Skip every picture, and copy exactly the lines from the one containing "Building Photo - 11401 Crownwood Ln" to the end of the data.

--- Material to process ---

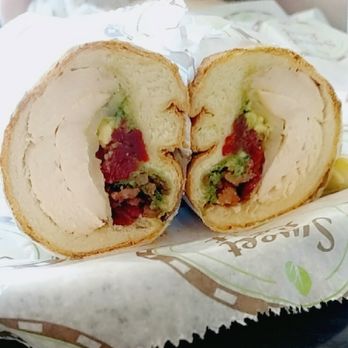 Sweetleaf - San Remo with extra bacon - Ice Cream & Frozen Yogurt Near Me - McLean, Virginia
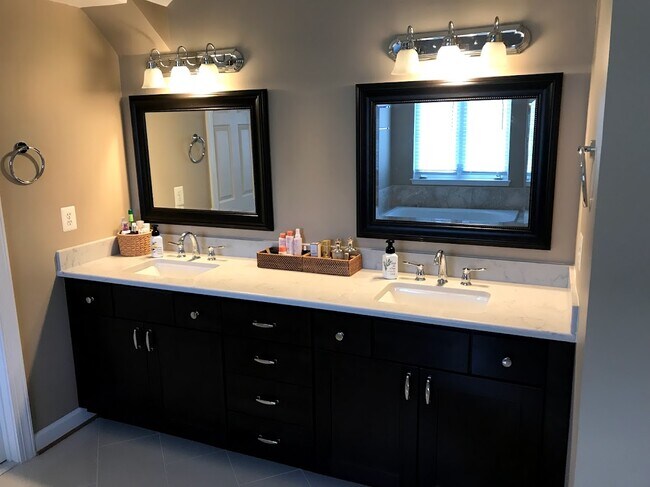 Building Photo - 11401 Crownwood Ln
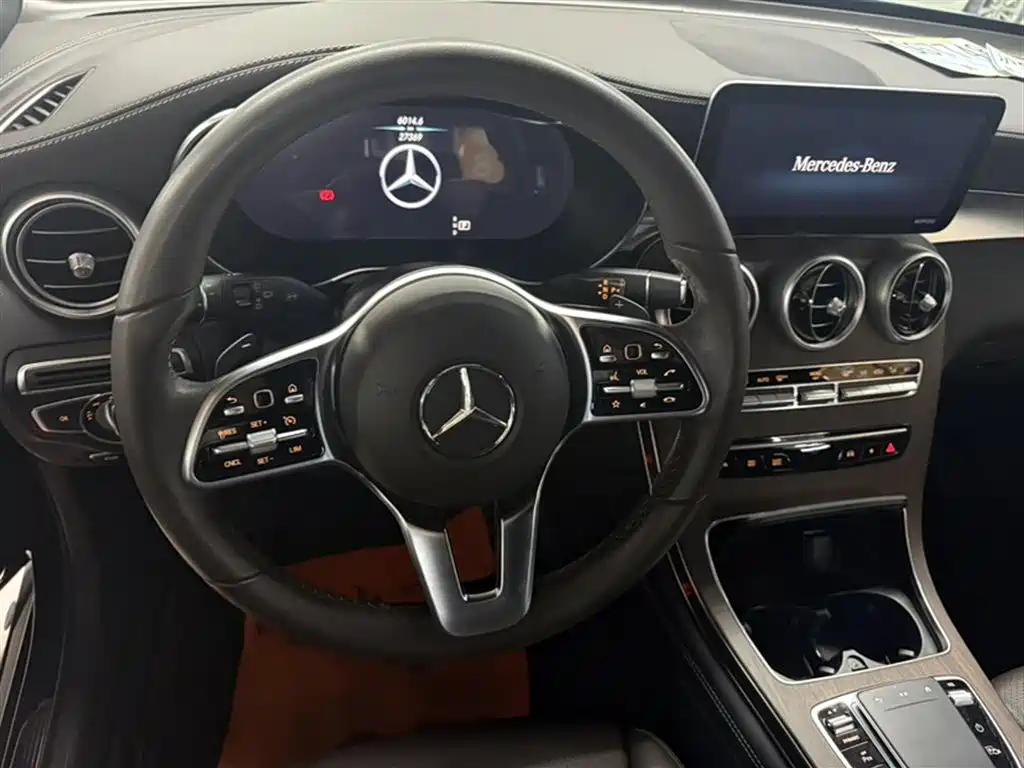 MERCEDES-BENZ GLC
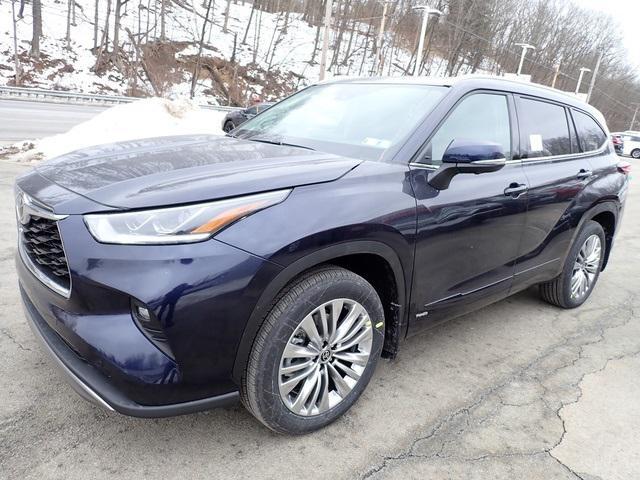new 2026 Toyota Highlander Hybrid car, priced at $57,118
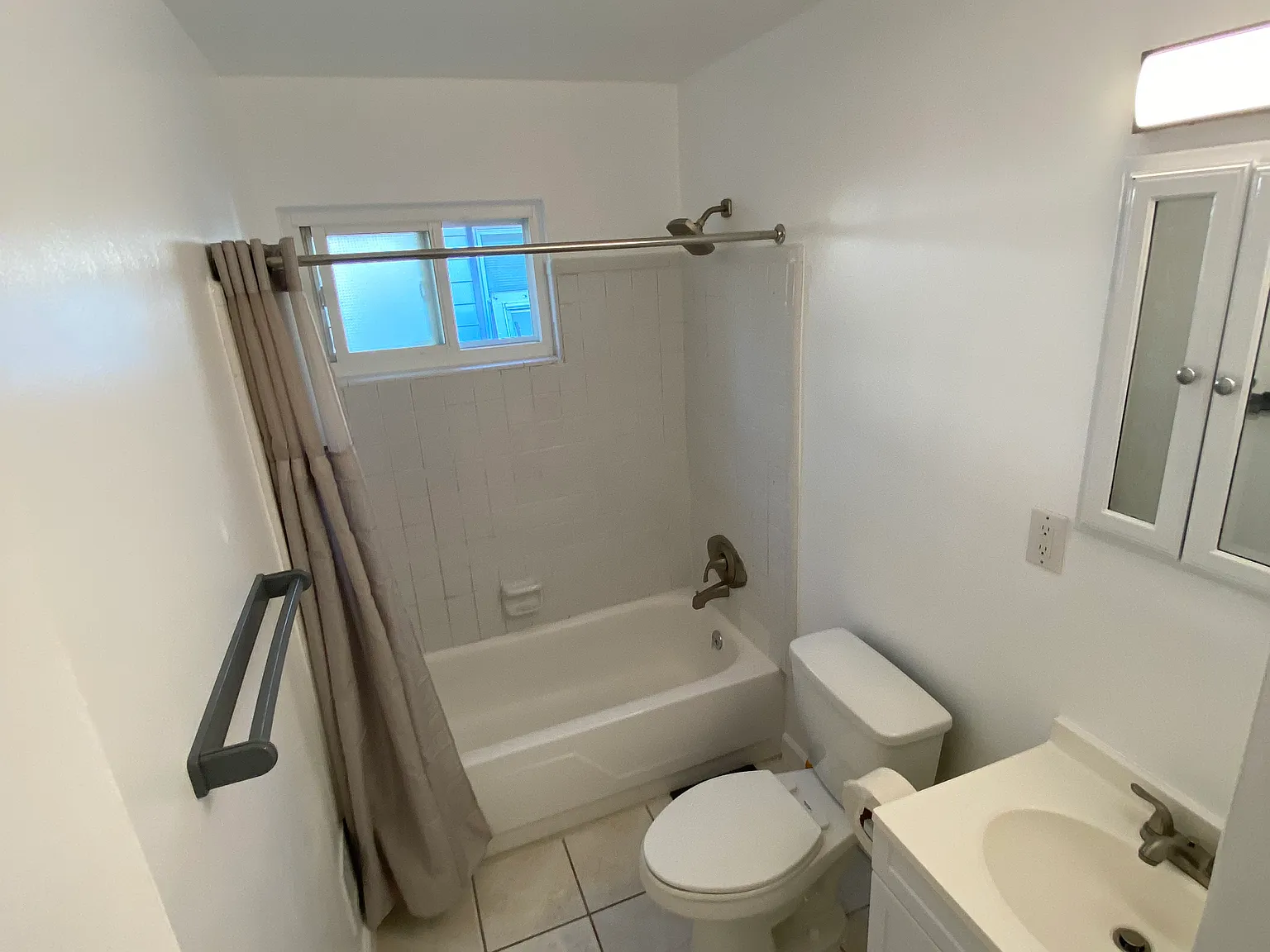 3 bed, 988 sqft, $1,500 — Photo 3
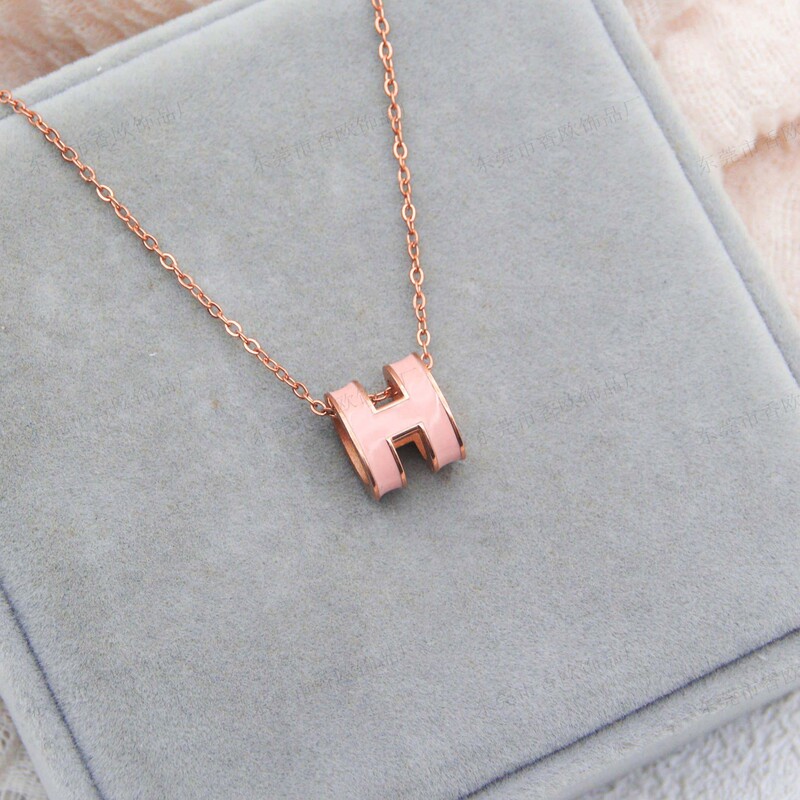 High-End Version of the Aijia H Necklace for Women, Enamel 3D Letter Rose Gold Fashion Light Luxury Versatile Clavicle Chain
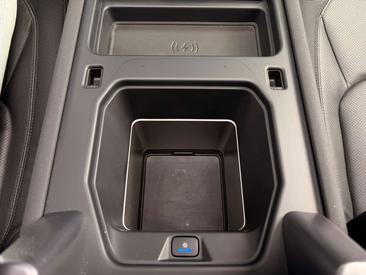 Land Rover Defender 110 X-Dynamic HSE 3.0 D MHEV D300 — photo 17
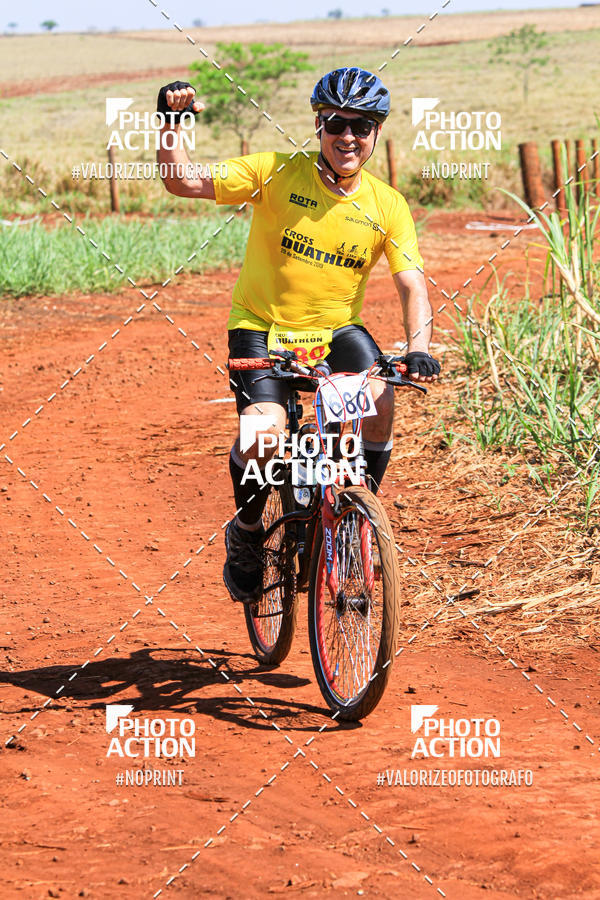 Buy your photos of the eventCROSS DUATHLON on Fotop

---

§ Solution below:
 Building Photo - 11401 Crownwood Ln
 MERCEDES-BENZ GLC
new 2026 Toyota Highlander Hybrid car, priced at $57,118
 3 bed, 988 sqft, $1,500 — Photo 3
 High-End Version of the Aijia H Necklace for Women, Enamel 3D Letter Rose Gold Fashion Light Luxury Versatile Clavicle Chain
 Land Rover Defender 110 X-Dynamic HSE 3.0 D MHEV D300 — photo 17
 Buy your photos of the eventCROSS DUATHLON on Fotop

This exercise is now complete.